A Fort Lauderdale jury awarded more than $4.6 million today in a legal malpractice case against the defunct Ruden McClosky law firm for losses in its in-house investment firm.

The jury took a little more than three hours to award Ryan Gill the amount he sought for his actual losses plus what he could have earned in a low-risk investment.

Gill, one of three siblings who inherited a fortune from the Yankee Trader Hotel and the Yankee Clipper Hotel built by his grandfather in Fort Lauderdale, was a client of former Ruden attorney Patrick Moran, who has since moved to Michigan.

“It’s a story about opportunistic attorneys and the targeting of Ryan Gill,” Gill’s attorney, Jan D. Atlas of Kopelowitz, Ostrow, Ferguson, Weiselberg, Keechl in Fort Lauderdale said in closing arguments before Broward Circuit Judge Jeffrey Streitfeld.

Atlas described Gill as a simple man with a limited education — not the sophisticated investor that the defense tried to paint — who was introduced to the law firm by his mother.

The law firm’s Ruden McClosky Capital Partners Ltd. had two hedge funds: Capital Partners High Yield Mezzanine Fund LLC and Capital Partners Global Asset Fund LLC.

Gill first discussed with Moran what to do with $500,000 he received from an accident award. Moran referred Gill to the firm’s in-house fund manager, and Gill transferred the money in 2004 into the High Yield Mezzanine Fund.
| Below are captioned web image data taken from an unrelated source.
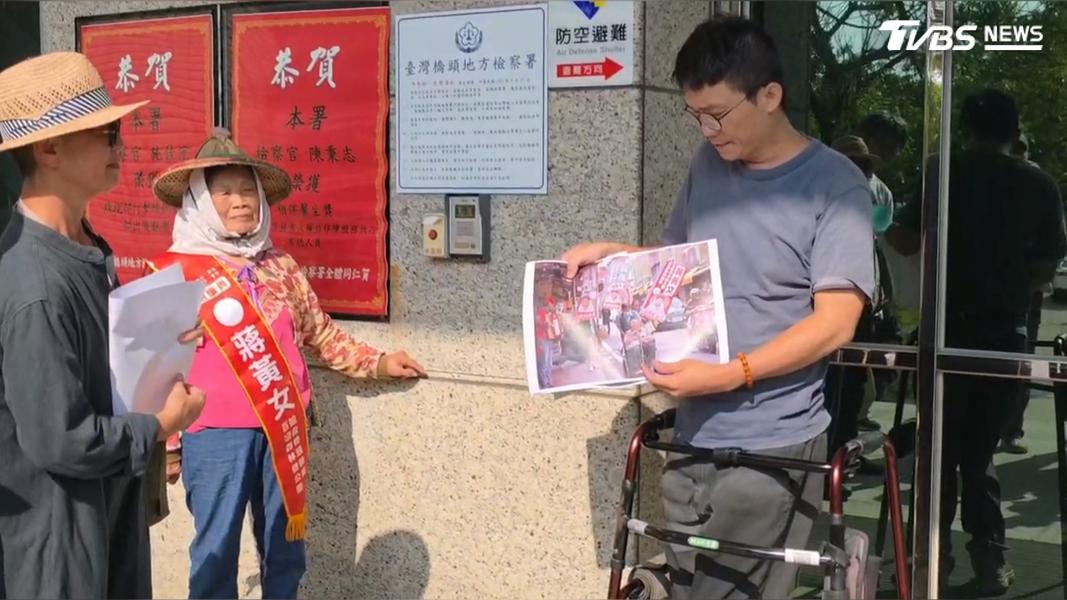 蔣黃女陣營不滿被警方高規格對待,決定到地檢署按鈴提告岡山分局長(圖/TVBS)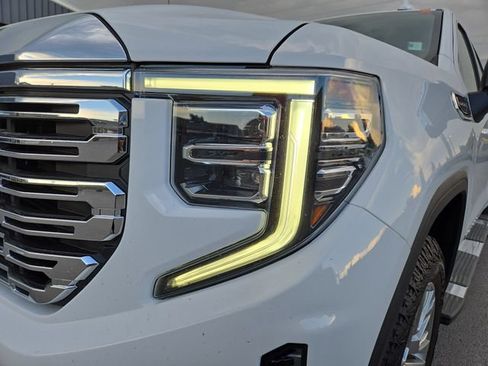 Used 2024 GMC Sierra 1500 Denali w/ Technology Package AWD/4WD image 6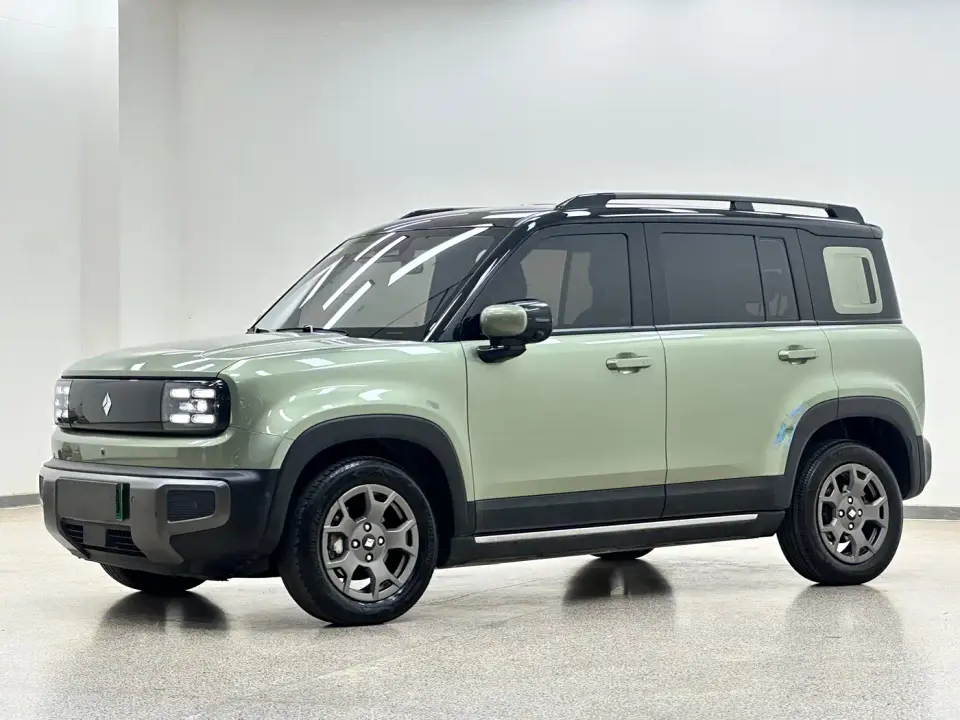 Baojun Yueye Plus Model Premium 5-Seat 2024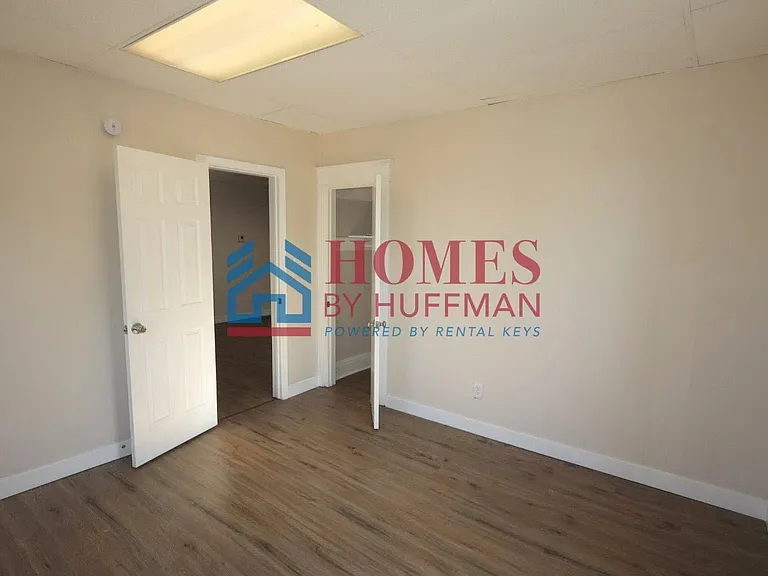 638 Jackson Ave — Photo 10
Two years later, Gill came into his inheritance and put $3 million in the Global Asset Fund.

Atlas claimed Gill was not told the funds were high risk or that Moran and the law firm had conflicts of interest. They earned legal fees off the transactions, and Moran had a 50 percent principal interest in both funds.

Atlas reminded jurors about the testimony of his expert witness, appellate attorney Bruce Rogow, who said conflicts of interest must be disclosed in writing and obtaining informed consent from the client is critical.

Defense attorney Pedro Luis Demahy of Demahy, Labrador, Drake, Payne & Cabeza in Coral Gables responded that Moran never made a dime off the hedge funds.

“He could have exercised his interest early and taken $1 million,” Demahy said, but Moran did not, and he lost money.

Demahy insisted the contract documents had about 50 disclosures about Ruden’s involvement and its connection to the in-house investment firm. He recalled the testimony of a Bank of America officer who said the bank agreed to review Gill’s hedge fund and offer an opinion.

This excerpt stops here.